Likbez: image resizing methods
Why the image scaled with bicubic interpolation does not look like in Photoshop. Why does one program resize quickly and the other does not, although the result is the same. Which resize method is best for increasing, and which for decreasing. What filters do and how they differ.
In general, this was an introduction to another article, but it dragged on and resulted in separate material.

This man is sitting among the daisies to draw your attention to the article.
For a clear comparison, I will use images of the same resolution of 1920 × 1280 ( one , the second), which will lead to sizes 330 × 220, 1067 × 667 and 4800 × 3200. Under the illustrations, it will be written how many milliseconds resize took in one or another resolution. The numbers are given only to understand the complexity of the algorithm, so the specific hardware or software on which they are received is not so important.
This is the most primitive and fastest method. For each pixel of the final image, one pixel of the original one is selected, which is closest to its position taking into account scaling. This method produces a pixelated image when zoomed in and a very grainy image when zoomed out.

In general, the quality and performance of any reduction method can be estimated by the ratio of the number of pixels involved in the formation of the final image to the number of pixels in the original image. The larger this ratio, the more likely the algorithm is better and slower. A ratio of one means that at least every pixel in the original image has contributed to the final. But for advanced methods, it can be more than one. So, if for example we reduce the image by the nearest neighbor method 3 times on each side, then this ratio is 1/9. Those. most of the original pixels are not taken into account.

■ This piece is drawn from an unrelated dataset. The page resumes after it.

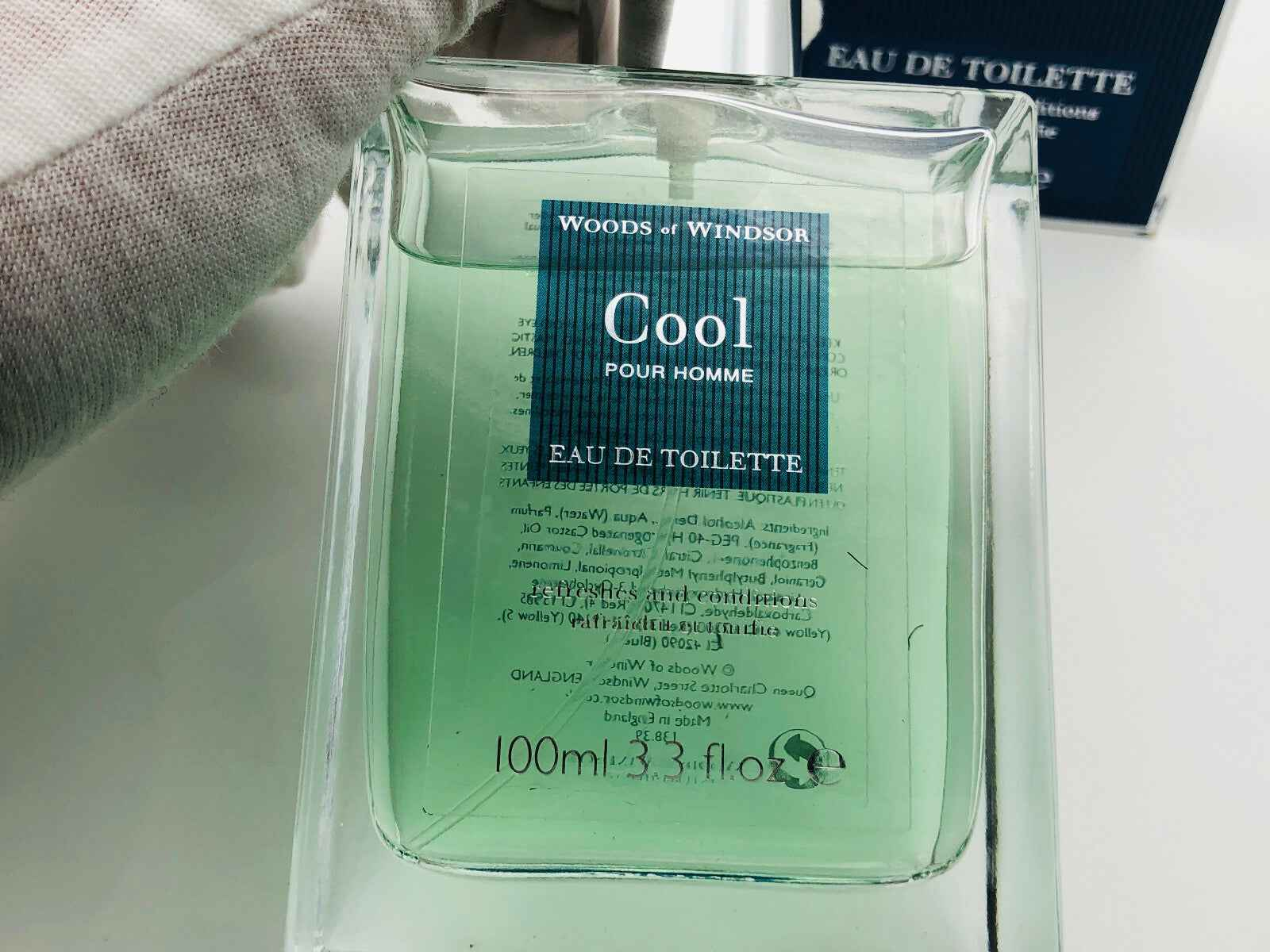 Bottiglia di profumo Woods Of Windsor Cool Eau de Toilette da 100 ml con liquido verde chiaro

Theoretical speed depends only on the size of the final image. In practice, when decreasing, the processor cache misses contribute: the smaller the scale, the less data is used from each line loaded into the cache.
The method is deliberately used to reduce extremely rarely, because gives a very poor quality, although it can be useful when increasing. Due to the speed and ease of implementation, it is available in all libraries and applications that work with graphics.
Affine transformations are a common method for distorting images. They allow you to rotate, stretch and reflect the image in one operation. Therefore, in many applications and libraries that implement the method of affine transformations, the function of changing images is just a wrapper that calculates the coefficients for the conversion.
The principle of operation is that for each point of the final image, a fixed set of points of the source is taken and interpolated in accordance with their relative position and the selected filter. The number of points also depends on the filter. For bilinear interpolation, 2x2 source pixels are taken, for bicubic 4x4. This method gives a smooth image when zoomed in, but when zoomed out, the result is very similar to the nearest neighbor. See for yourself: theoretically, with a bicubic filter and a decrease of 3 times, the ratio of processed pixels to the source is 4² / 3² = 1.78. In practice, the result is much worse. in existing implementations, the filter window and the interpolation function are not scaled in accordance with the image scale, and the pixels closer to the edge of the window are taken with negative coefficients (in accordance with the function), i.e. do not make a useful contribution to the final image. As a result, the image reduced with the bicubic filter differs from the image reduced with the bilinear only in that it is even clearer. Well, for a bilinear filter and a threefold reduction, the ratio of the processed pixels to the original ones is 2² / 3² = 0.44, which basically does not differ from the nearest neighbor. In fact, affine transformations cannot be used to reduce by more than 2 times. And even when reduced to two times, they give noticeable stairs for the lines. which basically does not differ from the nearest neighbor. In fact, affine transformations cannot be used to reduce by more than 2 times. And even when reduced to two times, they give noticeable stairs for the lines. which basically does not differ from the nearest neighbor. In fact, affine transformations cannot be used to reduce by more than 2 times. And even when reduced to two times, they give noticeable stairs for the lines.
Theoretically, there should be implementations of affine transformations that scale the filter window and the filter itself in accordance with the specified distortions, but I have not seen such in popular open source libraries.






The operating time is noticeably longer than that of the nearest neighbor, and depends on the size of the final image and the window size of the selected filter. From cache misses is almost independent, because at least two of the original pixels are used.
My humble opinion is that using this method to arbitrarily reduce images is simply a bug, because the result is very poor and similar to the nearest neighbor, and resources for this method need much more. However, this method is widely used in programs and libraries. The most amazing thing is that this method is used in all browsers for the canvas method
In addition, it is this method that video cards use to render three-dimensional scenes. But the difference is that video cards for each texture prepare a set of reduced versions (mip levels) in advance, and for the final rendering a level is selected with such a resolution that the texture reduction is no more than two times. In addition, to eliminate a sharp jump when changing the mip level (when a textured object approaches or moves away), linear interpolation between adjacent mip levels is used (this is already trilinear filtering). Thus, to draw each pixel of a three-dimensional object, it is necessary to interpolate between 2³ pixels. This gives an acceptable result for a fast moving picture in a time linear with respect to the final resolution.
Using this method, the very mip levels are created, using it (if greatly simplified), full-screen anti-aliasing works in games. Its essence is to divide the source image into a grid of pixels of the final and add up all the source pixels per pixel of the final in accordance with the area that fell under the final pixel. When using this method to enlarge, for every pixel of the final image there is exactly one pixel of the original. Therefore, the result for the increase is equal to the nearest neighbor.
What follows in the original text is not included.